Sudan seeks $250 million IMF loan to boost economic growth
May 28, 2024 (NAIROBI) – South Sudan is seeking a $250 million loan from the International Monetary Fund (IMF) to stimulate economic growth.
Speaking at the African Development Bank’s annual meetings in Nairobi, Kenya on Tuesday, South Sudan’s Central Bank Governor, James Alic Garang said the young nation is urgency in need of securing this alternative financial support.
“We are facing severe challenges with our oil exports, which constitute about 90% of our revenue,” Garang said, adding “The impact on our economy is profound, reducing the volume of oil available for international markets and decreasing the hard currency inflow essential for meeting our obligations.”
South Sudan’s oil-dependent economy has been affected by the war in Sudan since the pipeline, which transports most of its crude oil was damaged in February.
Since 2020, South Sudan has received three rapid credit facilities from the IMF.
Garang said meeting the IMF’s policy requirements is crucial to secure the funds.
“We have already delivered an audit of the central bank’s financial statements for 2021,” he said was quoted adding, “However, there are still areas where we need to intensify our efforts. With the IMF, there is no free lunch. We’re working very hard to meet those policy requirements.”
According to Garang, South Sudan is in discussions with Qatar for a resolution following a $1 billion court award to Qatar National Bank over a defaulted loan.
The case stems from a $700 million loan the Qatar bank gave South Sudan in 2012.
In 2015, however, the world’s youngest nation entered into another agreement with QNB on how it intended to repay the loan it had borrowed. The loan was restructured in 2016 and supplemented in 2018 after South Sudan requested for more money to be repaid within 15 years starting in 2019.
Since then, South Sudan had defaulted on repayment of the loan, prompting the Qatar-based bank to lodge a legal complaint against the East African nation.
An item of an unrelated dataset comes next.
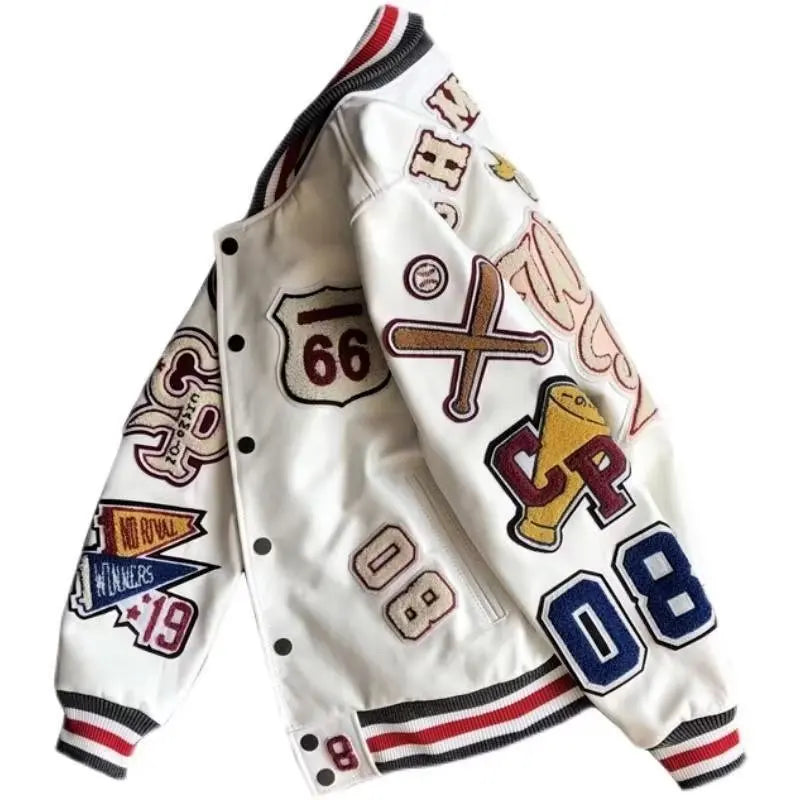 Vestes d'uniforme de baseball Y2K Veste en cuir tendance rétro Broderie multi-lettres Manteau court blanc Printemps et automne Hommes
QNB filed the case against South Sudan and the Bank of South Sudan on October 7, 2020 (ICSID/Arb/20/40) and the tribunal was fully constituted on March 24, 2021.
“We are negotiating to pay part of it, but we’ll still need to settle this debt,” said Garang.
When South Sudan split from Sudan in July 2011 following a decades-long war of secession, it lost over three-quarters of the oil reserves. But years of civil war after independence, including for control of key oil fields, deprived the East African nation of vital income and the chance to diversify its oil-dependent economy.